> **About this task**: Write out the data again exactly, skipping every picture.

> **Source material**:
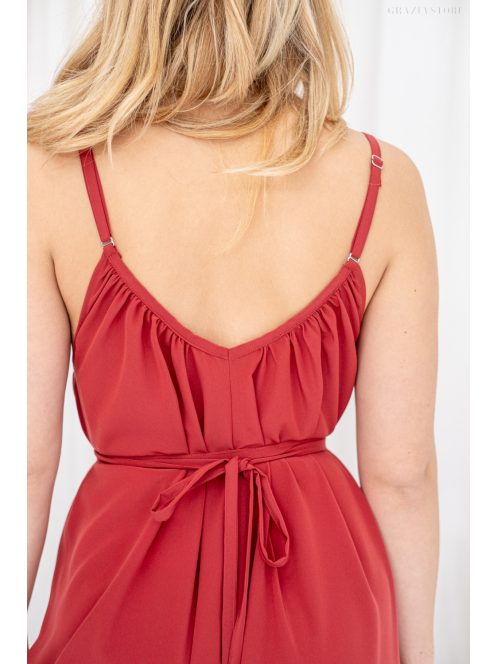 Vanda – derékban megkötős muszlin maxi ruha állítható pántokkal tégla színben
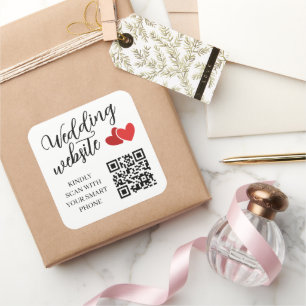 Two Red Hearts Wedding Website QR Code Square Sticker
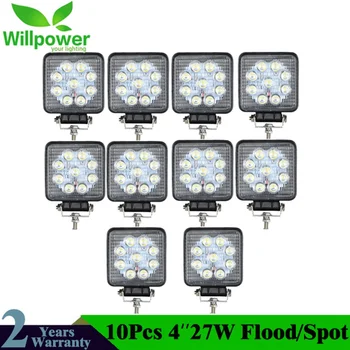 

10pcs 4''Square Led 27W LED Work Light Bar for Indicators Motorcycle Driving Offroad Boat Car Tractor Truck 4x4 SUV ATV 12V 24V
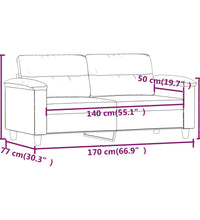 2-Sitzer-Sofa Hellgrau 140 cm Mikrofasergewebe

> **Solution to this task**:
 Vanda – derékban megkötős muszlin maxi ruha állítható pántokkal tégla színben
 Two Red Hearts Wedding Website QR Code Square Sticker

10pcs 4''Square Led 27W LED Work Light Bar for Indicators Motorcycle Driving Offroad Boat Car Tractor Truck 4x4 SUV ATV 12V 24V
 2-Sitzer-Sofa Hellgrau 140 cm Mikrofasergewebe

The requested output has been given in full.